Artificial languages with native speakers should be on topic (Esperanto questions have already survived on the site- i.e. they were asked and answered without too much threat of closure). I personally think they are on topic because anything with native speakers is easily in the domain of science and has objective answers.
Artificial languages without native speakers should be off topic. (Although this could admin Volapuk and Klingon which each had/have a single native speaker) The non-natural languages are partially in the realm of art. When these questions do pop up, they should be referred to writers SE, sci-fi SE or the conlang SE proposal. On writers and sci-fi, about a half dozen conlang questions have been asked, answered and haven't been closed.
This is actually a difficult rule to write because there is a lot of grey area.
UPDATE:
Suggested Text:
Natural languages with native speakers are on topic. Fictional, constructed and auxiliary languages without native speakers are off topic. This should not discourage anyone from asking about language formalisms, such as context free grammars. Consider asking questions about fictional languages on Writers SE, Science-Fiction Fantasy SE or the Conlang SE proposal.
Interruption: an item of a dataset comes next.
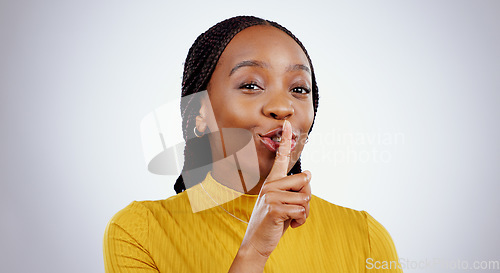 Image of Secret, woman and portrait with finger on lips in studio for sign of privacy, confidential deal and surprise on white background. Face of african model show quiet emoji for gossip, news and whisper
This would pretty much rules out Lojban, Na'vi, Elvish, Shyriiwook, toki pona, Laadan, languages invented by a single person as a hobby, New Speak, almost all auxiliary language proposals except Esperanto. There are single reports of native speakers of Volapuk, Klingon and a handful of cases of native speakers of previously dead languages-- Latin, Sanskrit. Other than that, the rule at least would have little grey area.
I don't know about non-recreational medical conlangs, like Bliss Symbols or those communication systems invented for the deal and blind or otherwise disabled, which can have the characteristics of a constructed language (i.e. go beyond being an encoding of English). I suppose the community can figure out what to do with those questions if they happen.